WHAT YOU HAVE TO DO:
Find the line holding "Bilingual Benchmark ELA" in the entries below. Give it again exactly, along with every line after it up to and including the line holding "Freshly baked pumpkin".

WORKING DATA:
○ ○ ○ ○ ○

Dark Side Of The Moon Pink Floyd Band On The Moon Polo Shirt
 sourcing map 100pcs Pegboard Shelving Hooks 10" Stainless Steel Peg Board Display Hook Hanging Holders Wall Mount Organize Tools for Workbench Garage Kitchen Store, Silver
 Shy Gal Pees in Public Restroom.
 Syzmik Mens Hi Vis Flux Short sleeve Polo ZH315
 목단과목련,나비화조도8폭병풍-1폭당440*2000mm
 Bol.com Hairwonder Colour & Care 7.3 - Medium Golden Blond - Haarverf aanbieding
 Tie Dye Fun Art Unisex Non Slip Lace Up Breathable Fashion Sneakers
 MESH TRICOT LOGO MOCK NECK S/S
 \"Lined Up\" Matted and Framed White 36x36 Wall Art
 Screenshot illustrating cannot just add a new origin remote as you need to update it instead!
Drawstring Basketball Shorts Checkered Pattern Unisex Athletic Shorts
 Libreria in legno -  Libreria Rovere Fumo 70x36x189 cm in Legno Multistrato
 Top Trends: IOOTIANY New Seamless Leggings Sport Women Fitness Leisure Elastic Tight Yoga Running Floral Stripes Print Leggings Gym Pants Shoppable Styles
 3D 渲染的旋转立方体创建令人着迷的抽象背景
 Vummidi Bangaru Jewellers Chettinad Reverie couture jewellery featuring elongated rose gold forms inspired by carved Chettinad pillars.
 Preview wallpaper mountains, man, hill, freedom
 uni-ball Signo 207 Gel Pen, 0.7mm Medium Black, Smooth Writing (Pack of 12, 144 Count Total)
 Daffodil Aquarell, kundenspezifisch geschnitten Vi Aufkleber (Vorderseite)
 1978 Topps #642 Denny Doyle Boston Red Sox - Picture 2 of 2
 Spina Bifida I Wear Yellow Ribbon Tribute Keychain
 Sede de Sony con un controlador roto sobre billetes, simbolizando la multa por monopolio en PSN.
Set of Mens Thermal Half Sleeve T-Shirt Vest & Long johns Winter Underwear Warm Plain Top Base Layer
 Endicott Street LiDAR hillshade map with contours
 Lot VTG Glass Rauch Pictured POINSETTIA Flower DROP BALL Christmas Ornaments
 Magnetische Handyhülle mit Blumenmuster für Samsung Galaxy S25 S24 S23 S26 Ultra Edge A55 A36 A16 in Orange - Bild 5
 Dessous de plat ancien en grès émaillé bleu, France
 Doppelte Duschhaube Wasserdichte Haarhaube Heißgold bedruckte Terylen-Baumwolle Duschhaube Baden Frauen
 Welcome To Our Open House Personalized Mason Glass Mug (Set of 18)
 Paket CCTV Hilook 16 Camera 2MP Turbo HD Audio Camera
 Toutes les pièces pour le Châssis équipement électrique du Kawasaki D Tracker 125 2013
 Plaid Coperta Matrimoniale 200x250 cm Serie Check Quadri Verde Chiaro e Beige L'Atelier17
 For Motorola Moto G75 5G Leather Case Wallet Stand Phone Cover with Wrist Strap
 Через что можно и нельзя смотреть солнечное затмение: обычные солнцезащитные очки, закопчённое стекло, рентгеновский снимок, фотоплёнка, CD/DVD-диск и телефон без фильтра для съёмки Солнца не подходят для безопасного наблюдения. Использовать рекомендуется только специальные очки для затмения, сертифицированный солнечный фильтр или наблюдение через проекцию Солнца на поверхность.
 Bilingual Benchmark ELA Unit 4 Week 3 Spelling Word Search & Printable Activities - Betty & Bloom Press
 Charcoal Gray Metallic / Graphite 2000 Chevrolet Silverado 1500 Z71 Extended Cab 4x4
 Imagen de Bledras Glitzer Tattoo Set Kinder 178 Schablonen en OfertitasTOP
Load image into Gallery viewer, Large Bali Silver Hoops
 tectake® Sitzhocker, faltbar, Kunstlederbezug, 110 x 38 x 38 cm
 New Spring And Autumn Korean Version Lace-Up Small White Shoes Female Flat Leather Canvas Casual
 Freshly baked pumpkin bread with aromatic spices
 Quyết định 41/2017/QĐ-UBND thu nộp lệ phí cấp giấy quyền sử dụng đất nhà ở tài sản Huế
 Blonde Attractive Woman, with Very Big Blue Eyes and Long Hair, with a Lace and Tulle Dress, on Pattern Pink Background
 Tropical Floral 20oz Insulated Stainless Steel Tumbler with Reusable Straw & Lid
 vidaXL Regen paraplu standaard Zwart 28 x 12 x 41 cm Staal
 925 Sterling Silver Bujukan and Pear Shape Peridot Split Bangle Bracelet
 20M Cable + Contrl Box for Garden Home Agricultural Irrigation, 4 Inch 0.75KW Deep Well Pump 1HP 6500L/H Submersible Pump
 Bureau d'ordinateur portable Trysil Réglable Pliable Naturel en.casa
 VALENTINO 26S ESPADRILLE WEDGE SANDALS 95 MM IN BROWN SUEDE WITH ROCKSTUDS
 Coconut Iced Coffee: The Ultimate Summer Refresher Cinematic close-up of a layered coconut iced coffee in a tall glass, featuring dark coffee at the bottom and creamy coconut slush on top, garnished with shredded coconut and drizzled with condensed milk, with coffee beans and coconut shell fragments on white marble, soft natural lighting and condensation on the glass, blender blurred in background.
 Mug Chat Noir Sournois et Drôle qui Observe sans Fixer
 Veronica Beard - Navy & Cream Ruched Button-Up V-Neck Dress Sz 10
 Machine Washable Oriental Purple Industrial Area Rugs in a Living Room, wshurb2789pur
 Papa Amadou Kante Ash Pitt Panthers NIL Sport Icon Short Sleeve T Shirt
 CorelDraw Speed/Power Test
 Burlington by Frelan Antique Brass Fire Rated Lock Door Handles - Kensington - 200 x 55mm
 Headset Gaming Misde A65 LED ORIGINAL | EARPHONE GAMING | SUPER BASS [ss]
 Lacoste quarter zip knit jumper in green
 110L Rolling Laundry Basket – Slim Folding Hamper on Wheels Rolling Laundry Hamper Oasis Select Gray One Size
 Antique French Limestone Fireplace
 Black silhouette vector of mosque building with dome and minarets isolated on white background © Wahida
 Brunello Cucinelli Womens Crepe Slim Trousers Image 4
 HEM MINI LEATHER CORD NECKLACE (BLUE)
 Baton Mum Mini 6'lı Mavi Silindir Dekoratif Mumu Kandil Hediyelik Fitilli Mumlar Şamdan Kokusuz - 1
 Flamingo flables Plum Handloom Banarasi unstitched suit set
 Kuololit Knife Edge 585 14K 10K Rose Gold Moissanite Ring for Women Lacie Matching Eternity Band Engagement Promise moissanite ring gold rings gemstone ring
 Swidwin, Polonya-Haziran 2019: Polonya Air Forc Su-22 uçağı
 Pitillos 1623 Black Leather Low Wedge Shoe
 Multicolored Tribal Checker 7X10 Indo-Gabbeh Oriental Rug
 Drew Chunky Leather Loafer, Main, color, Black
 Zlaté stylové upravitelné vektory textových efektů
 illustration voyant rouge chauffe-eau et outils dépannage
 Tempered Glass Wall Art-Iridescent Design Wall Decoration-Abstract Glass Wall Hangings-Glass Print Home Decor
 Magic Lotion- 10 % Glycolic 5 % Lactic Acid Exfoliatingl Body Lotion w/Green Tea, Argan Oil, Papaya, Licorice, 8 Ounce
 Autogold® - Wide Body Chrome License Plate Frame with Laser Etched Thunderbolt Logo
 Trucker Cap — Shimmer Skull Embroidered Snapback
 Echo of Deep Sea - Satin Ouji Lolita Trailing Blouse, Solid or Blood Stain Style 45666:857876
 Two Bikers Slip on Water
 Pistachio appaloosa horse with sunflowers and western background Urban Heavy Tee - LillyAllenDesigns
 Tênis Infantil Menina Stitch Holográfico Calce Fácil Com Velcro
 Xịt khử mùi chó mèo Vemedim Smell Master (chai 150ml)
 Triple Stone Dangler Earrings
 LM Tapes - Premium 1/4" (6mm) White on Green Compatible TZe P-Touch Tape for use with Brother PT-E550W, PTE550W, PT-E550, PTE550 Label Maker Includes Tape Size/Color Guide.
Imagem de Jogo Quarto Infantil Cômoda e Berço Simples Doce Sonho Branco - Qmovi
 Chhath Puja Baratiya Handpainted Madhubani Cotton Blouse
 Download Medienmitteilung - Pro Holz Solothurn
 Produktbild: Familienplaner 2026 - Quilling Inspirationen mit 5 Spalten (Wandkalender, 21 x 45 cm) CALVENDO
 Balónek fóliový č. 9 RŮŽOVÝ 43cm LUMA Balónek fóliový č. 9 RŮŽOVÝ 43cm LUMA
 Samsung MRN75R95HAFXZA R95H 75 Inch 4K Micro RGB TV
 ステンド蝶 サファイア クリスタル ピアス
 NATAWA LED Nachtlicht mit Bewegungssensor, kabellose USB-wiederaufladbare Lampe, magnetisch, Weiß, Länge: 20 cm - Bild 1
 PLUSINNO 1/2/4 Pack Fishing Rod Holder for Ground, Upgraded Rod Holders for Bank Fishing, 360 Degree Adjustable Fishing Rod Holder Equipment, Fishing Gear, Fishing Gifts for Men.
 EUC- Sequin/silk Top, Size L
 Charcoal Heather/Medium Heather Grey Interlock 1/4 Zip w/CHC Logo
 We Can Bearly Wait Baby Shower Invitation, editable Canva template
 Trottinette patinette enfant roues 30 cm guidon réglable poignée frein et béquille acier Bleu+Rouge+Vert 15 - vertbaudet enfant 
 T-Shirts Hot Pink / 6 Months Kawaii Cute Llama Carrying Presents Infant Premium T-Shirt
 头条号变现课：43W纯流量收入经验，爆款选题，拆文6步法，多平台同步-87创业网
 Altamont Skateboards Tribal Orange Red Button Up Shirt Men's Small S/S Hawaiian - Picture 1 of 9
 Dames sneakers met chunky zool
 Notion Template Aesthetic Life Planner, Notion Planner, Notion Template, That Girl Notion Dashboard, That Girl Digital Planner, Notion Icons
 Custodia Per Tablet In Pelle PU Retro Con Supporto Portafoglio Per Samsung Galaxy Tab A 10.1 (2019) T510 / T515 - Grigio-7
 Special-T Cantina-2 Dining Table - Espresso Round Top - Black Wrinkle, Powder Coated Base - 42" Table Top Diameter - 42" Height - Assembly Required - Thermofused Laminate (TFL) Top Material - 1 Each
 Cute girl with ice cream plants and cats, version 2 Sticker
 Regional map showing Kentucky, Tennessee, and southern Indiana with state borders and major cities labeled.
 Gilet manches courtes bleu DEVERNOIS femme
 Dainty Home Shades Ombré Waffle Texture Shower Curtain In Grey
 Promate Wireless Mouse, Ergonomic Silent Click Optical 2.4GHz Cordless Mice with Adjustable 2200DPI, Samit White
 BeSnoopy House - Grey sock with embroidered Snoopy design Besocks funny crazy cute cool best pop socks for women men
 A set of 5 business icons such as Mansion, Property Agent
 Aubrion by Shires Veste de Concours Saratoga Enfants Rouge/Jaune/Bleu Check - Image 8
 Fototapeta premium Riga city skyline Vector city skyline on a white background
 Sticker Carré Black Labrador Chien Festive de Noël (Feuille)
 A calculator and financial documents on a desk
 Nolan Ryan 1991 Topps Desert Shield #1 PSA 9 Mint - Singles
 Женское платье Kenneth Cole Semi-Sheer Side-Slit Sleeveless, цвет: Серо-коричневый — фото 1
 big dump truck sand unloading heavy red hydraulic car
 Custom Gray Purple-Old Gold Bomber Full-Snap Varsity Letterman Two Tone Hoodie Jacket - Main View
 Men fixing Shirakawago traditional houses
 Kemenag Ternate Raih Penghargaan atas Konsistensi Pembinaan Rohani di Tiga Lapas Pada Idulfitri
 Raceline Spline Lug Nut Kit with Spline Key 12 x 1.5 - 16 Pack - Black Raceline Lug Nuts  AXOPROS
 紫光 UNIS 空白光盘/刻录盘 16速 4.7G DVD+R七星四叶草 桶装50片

○ ○ ○ ○ ○

RESPONSE TO THIS TASK:
 Bilingual Benchmark ELA Unit 4 Week 3 Spelling Word Search & Printable Activities - Betty & Bloom Press
 Charcoal Gray Metallic / Graphite 2000 Chevrolet Silverado 1500 Z71 Extended Cab 4x4
 Imagen de Bledras Glitzer Tattoo Set Kinder 178 Schablonen en OfertitasTOP
Load image into Gallery viewer, Large Bali Silver Hoops
 tectake® Sitzhocker, faltbar, Kunstlederbezug, 110 x 38 x 38 cm
 New Spring And Autumn Korean Version Lace-Up Small White Shoes Female Flat Leather Canvas Casual
 Freshly baked pumpkin bread with aromatic spices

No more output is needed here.